DATA SHOWN:
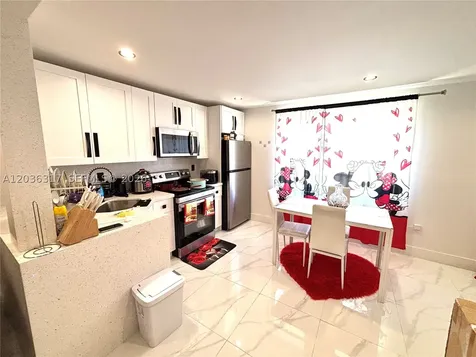 247 NE 118th Street Miami FL 33161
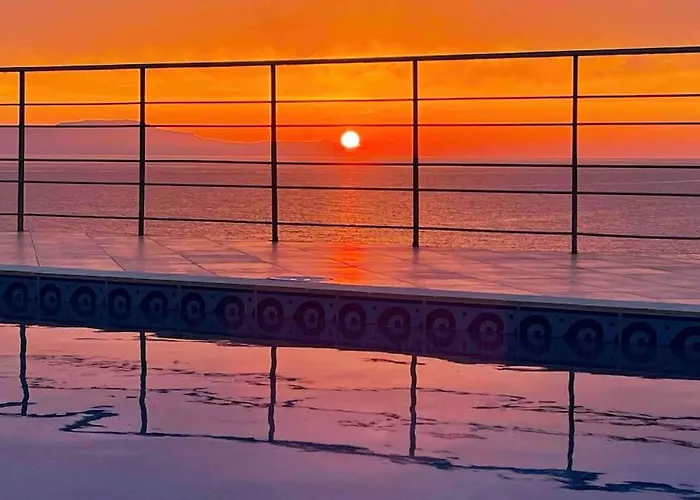 What A View Villa - Panoramic Sea View, Stunning Sunsets & Pool Willa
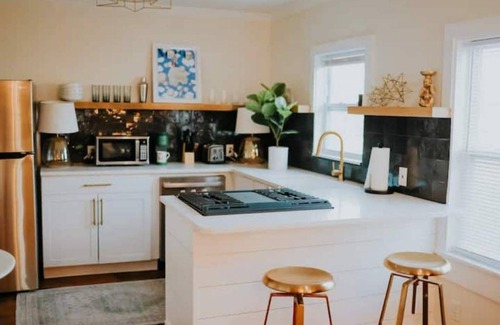 Panama City House | Dream On – Style & Comfort near Historic Downtown Panama City and Beachesnn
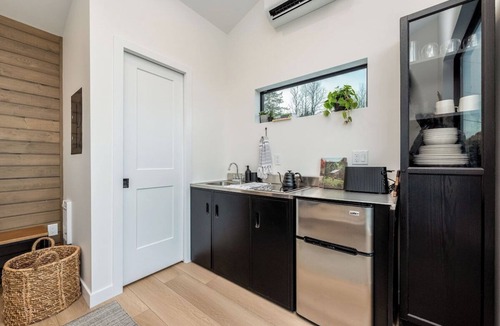 Waterford Apartment | STOKE Pod tiny cabin with epic view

WHAT IS NEEDED:
Starting where a line contains "What A View" and finishing at the last line above, set down every line exactly as it reads, with no pictures.

ANSWER TO THE EXERCISE:
 What A View Villa - Panoramic Sea View, Stunning Sunsets & Pool Willa
 Panama City House | Dream On – Style & Comfort near Historic Downtown Panama City and Beachesnn
 Waterford Apartment | STOKE Pod tiny cabin with epic view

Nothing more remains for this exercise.